Our claims of Christian identity, as we consider our place here in Minnesota, in Minneapolis, in the neighborhood we call St. Anthony Falls, require coming to terms with our tradition’s biblical and theological heritage. Scripture’s symbolism of the Land of Promise—the fertile and welcoming land that God was said to have set aside for the Israelite invaders of Canaan—featured prominently in the imagination of the Protestant dissenters who settled New England starting four centuries ago. These are the people who founded the networks of Congregational communities of which this church, our church, became a part. One hundred and seventy years ago, twelve intrepid descendants of those Puritan ancestors arrived from Massachusetts and Connecticut. They were sent west by the Home Missionary Society and landed at b’dote—sacred meeting place of the Dakota, the gathering of the rivers about which our church has heard in recent weeks.
In that same year, 1851, both our church and the neighboring University of Minnesota were founded as key elements of the project of Making Minnesota White. Settlement by a suitable number of White males, combined with the accompanying dispossession of the Indigenous inhabitants, is what was needed to make this territory deserving of statehood. It was a goal fiercely sought and violently achieved. The connection between church and campus was quite strong for many years, and remains in some form still today. Indeed, for its first several years, the First Congregational Church of St. Anthony, as we were then called, paid the University a weekly rental of $1.00 to use one of its classrooms for candlelit worship services.

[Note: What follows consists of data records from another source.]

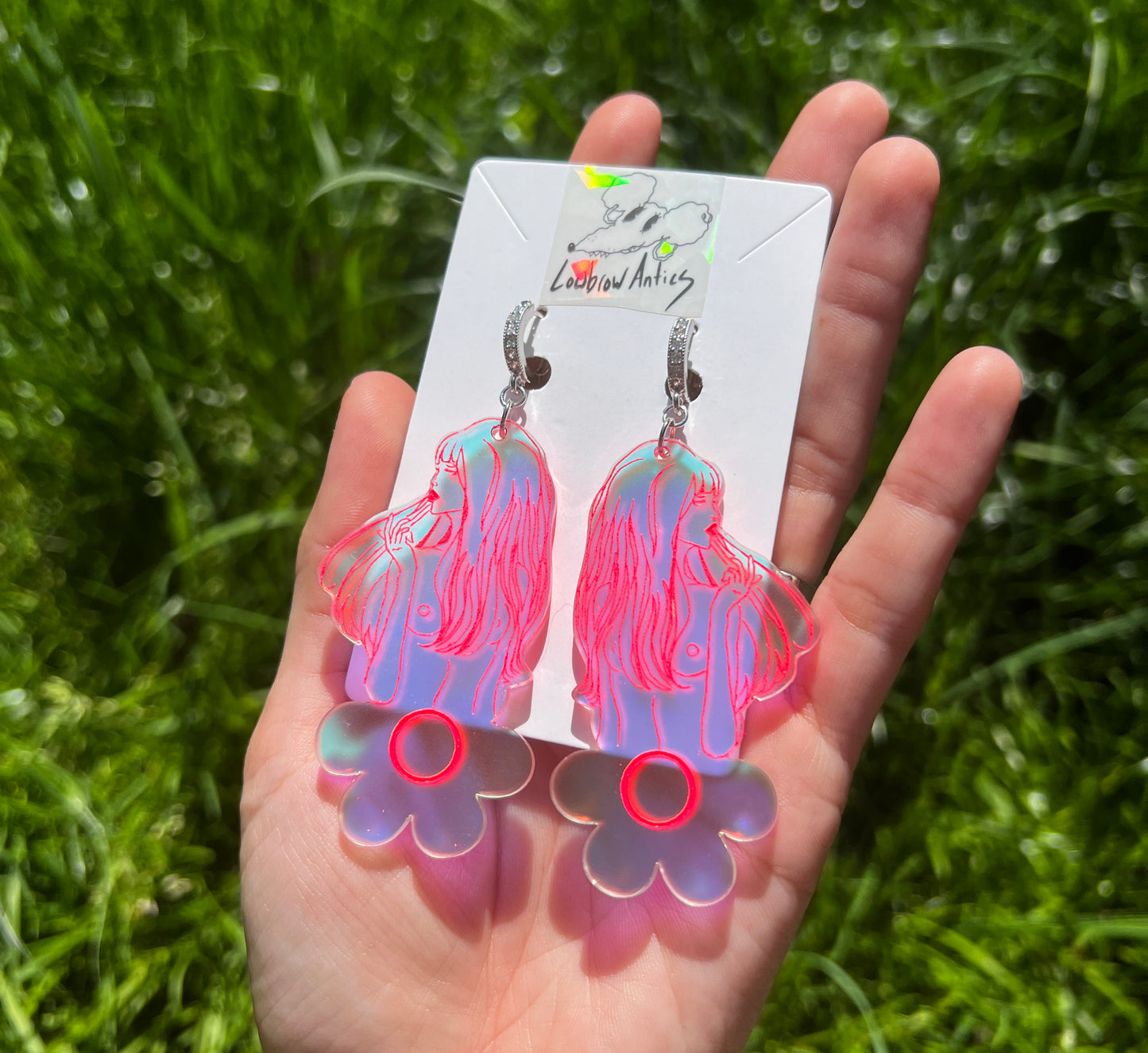 Handmade floral earrings inspired by Belladonna of Sadness.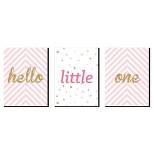 Big Dot of Happiness Hello Little One - Pink and Gold - Baby Girl Nursery Wall Art & Kids Room Decor - Gift Ideas - 7.5 x 10 inches - Set of 3 Prints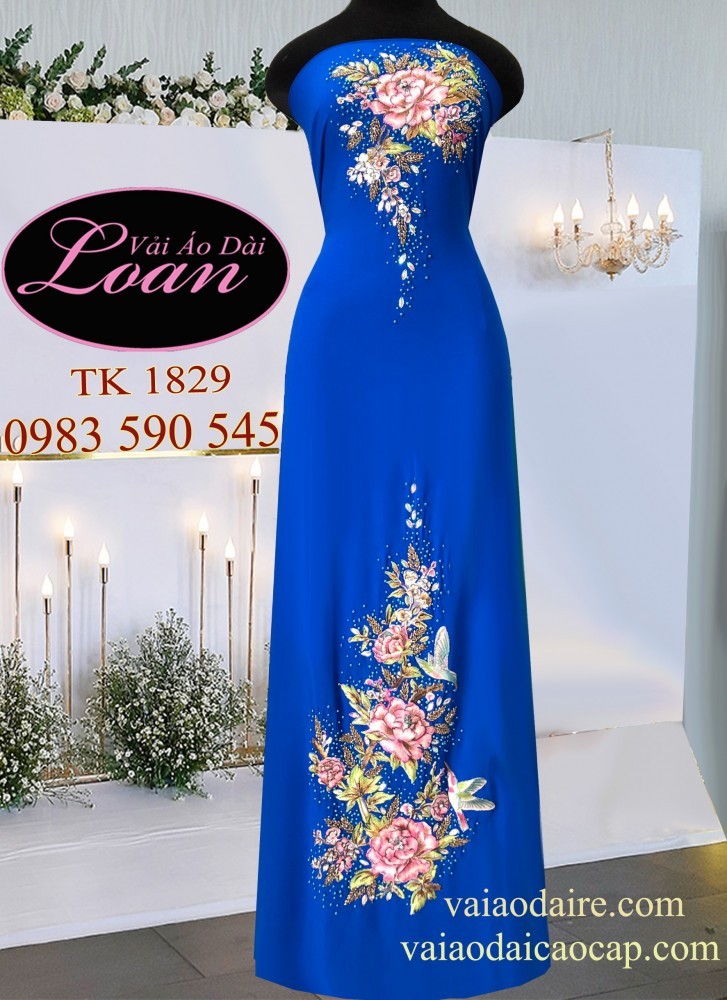 Vải áo dài kết hoa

Both university and church stand today on Dakota homeland—land taken away, left unredeemed.
Our systems of education—whether that be in school or on Sunday mornings—taught us that the Northwestern frontier was God’s updated version of the land of promise and plenty that was offered in covenant to the wandering Israelites—provided that they would first succeed in the sacred duty of dispossessing and slaughtering the country’s original inhabitants, the Canaanites, in holy war. The message of the Bible can surely be in turns inspiring, then disquieting. The biblical narrative of Exodus and Conquest has provided powerful models for movements of liberation for the enslaved and oppressed, but also for the violent displacement of indigenous peoples.
The Rev. Naim Ateek is an Arab Palestinian Christian theologian, and thus he is in some sense the modern version of the conquered and displaced Canaanite. Ateek points out that Hebrew words for “land” occur more than 1,500 times in the Jewish Scriptures, and that more than one hundred of those occurrences refer to the land as given or promised to the Israelite people. The Pentateuch or Torah in particular offers a vividly hostile portrait of the indigenous peoples of Canaan. As Ateek says, “Every time they are mentioned, the language is very hostile. They are supposed to be displaced or destroyed. There is no room for them in the land among the chosen people of God to whom the land was promised.” To be sure, at times, the prophets of Israel who addressed the Babylonian exile, and return to that land after chastisement, set a different tone. Jeremiah and Ezekiel exhort the people “to share the land with those who are living in it.” Did they learn their lesson?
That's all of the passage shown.